Saillour et al. (2007) identified 2 pathogenic mutations in the AP1S2 gene (300629.0004 and 300629.0005, respectively) in affected members of 2 unrelated families with X-linked mental retardation. One of the families had been reported by Fried (1972).

Tarpey et al. (2009) sequenced the coding exons of the X chromosome in 208 families with X-linked mental retardation. They identified 3 mutations in the AP1S2 (300629) gene in 3 families.

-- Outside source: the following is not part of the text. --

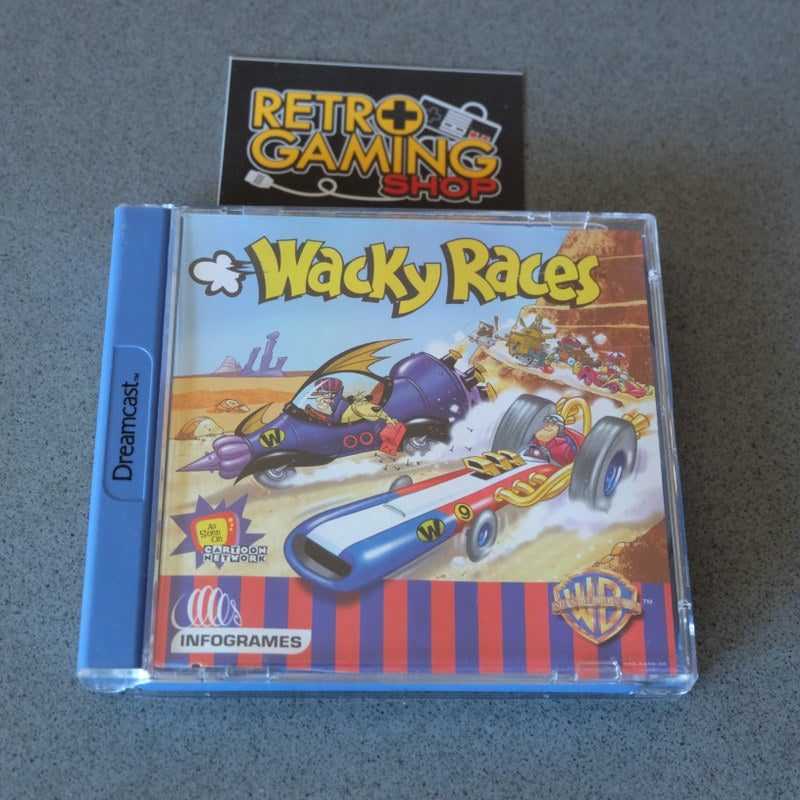 Wacky Races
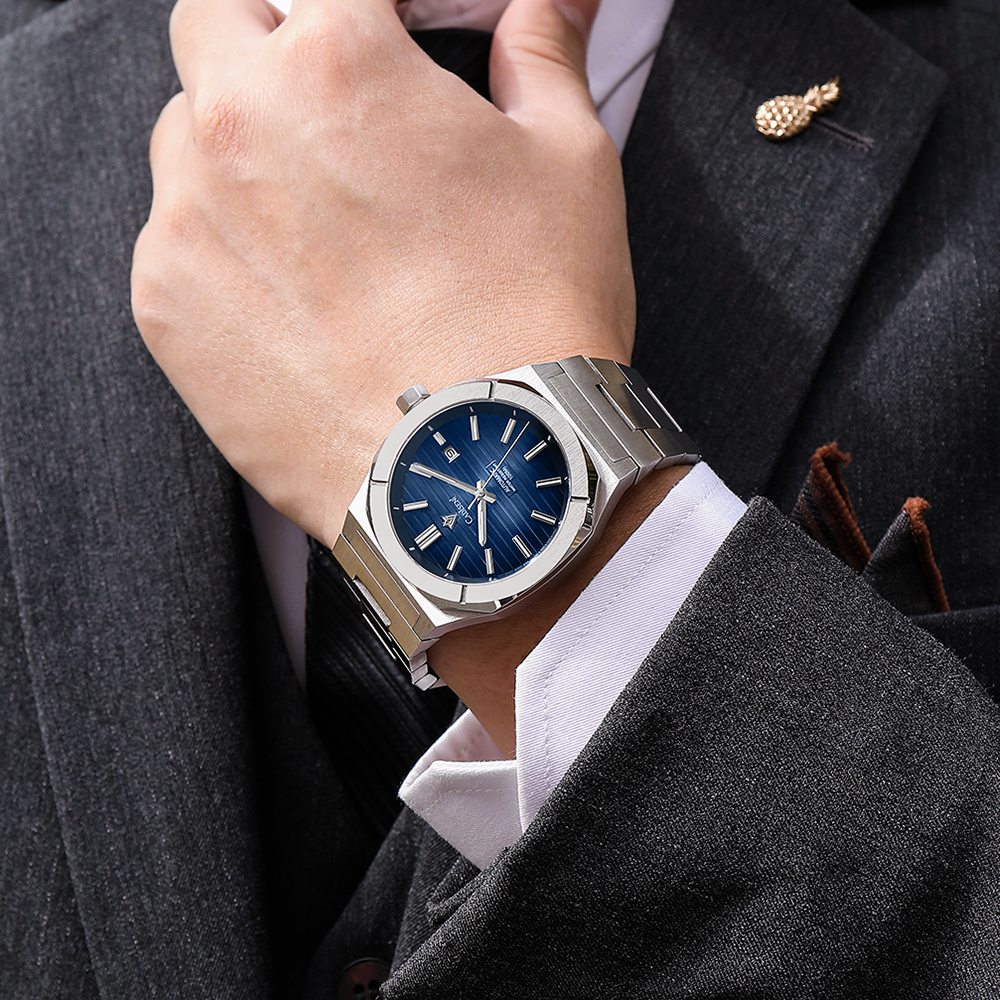 CADISEN 2026 Diver Watch Sapph – Luxury Watch Wallpaper recenzja i cena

In affected members of the family with MRXS reported by Pettigrew et al. (1991), Cacciagli et al. (2014) identified a hemizygous splice site mutation in the AP1S2 gene (300629.0006). The mutation was found by X-chromosome exome sequencing.

History

In extensive linkage studies in the family reported by Pettigrew et al. (1991), Huang et al. (1991) ruled out linkage with markers on Xp, proximal Xq, and Xq28. However, a new hypervariable short tandem repeat (STR) within the HPRT gene at Xq26 showed positive linkage to the disease locus, with a maximum lod score of 2.19 at a recombination fraction of 0.0.